One number is the whole answer: the tally of lines in the records below that contain "Brown".

=== Section Start ===

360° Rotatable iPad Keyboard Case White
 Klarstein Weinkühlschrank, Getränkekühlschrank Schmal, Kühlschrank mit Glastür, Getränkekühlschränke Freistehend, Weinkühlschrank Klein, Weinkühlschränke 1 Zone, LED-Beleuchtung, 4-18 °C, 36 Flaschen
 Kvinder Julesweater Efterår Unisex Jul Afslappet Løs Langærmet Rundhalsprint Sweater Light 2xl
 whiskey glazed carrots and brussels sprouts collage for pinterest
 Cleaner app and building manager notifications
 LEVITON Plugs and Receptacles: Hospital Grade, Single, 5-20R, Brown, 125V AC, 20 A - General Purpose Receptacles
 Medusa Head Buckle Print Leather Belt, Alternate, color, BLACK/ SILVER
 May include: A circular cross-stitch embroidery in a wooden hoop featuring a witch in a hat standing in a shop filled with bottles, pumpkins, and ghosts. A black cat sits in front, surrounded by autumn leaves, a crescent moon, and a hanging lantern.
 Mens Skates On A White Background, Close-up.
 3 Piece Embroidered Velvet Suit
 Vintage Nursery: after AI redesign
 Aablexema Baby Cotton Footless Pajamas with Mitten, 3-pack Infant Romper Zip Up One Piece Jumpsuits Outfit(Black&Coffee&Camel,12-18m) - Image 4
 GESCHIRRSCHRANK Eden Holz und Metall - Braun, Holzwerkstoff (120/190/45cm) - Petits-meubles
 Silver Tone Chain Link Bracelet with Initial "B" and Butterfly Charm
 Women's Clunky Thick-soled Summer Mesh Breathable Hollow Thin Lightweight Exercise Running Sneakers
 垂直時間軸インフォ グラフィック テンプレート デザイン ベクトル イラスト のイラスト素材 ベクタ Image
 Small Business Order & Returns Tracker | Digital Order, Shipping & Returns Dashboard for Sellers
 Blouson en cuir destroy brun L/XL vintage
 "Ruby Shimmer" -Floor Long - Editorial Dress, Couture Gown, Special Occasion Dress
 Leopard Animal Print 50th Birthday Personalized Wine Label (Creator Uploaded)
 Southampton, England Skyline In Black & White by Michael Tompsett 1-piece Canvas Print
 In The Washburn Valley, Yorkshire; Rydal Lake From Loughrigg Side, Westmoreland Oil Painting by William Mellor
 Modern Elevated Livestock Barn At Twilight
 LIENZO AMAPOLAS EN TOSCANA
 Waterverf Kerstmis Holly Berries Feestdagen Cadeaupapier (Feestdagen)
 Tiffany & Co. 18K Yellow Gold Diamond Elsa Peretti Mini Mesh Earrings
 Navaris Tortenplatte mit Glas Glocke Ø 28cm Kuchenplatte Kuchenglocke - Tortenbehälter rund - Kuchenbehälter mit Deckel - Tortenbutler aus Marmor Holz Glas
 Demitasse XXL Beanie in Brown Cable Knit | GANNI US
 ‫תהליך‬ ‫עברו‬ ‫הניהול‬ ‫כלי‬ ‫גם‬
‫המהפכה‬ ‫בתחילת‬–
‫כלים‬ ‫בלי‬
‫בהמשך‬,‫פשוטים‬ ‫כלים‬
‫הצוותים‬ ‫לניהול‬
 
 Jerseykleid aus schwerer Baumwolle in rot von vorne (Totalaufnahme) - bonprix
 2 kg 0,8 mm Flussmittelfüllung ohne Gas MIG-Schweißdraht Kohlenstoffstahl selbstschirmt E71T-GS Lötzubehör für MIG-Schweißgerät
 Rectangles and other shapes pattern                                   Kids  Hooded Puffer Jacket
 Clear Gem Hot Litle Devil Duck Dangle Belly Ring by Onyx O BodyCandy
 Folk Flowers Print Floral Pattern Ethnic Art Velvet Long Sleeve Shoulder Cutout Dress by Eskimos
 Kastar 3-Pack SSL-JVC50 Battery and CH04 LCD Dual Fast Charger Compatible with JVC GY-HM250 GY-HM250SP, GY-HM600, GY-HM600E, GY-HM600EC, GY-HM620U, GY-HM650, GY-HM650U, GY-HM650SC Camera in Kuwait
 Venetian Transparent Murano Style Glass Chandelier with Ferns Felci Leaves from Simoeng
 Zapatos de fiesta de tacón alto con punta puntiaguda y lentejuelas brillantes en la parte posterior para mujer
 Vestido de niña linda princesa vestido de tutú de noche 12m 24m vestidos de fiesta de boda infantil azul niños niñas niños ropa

=== Section End ===

* _Final answer_: 2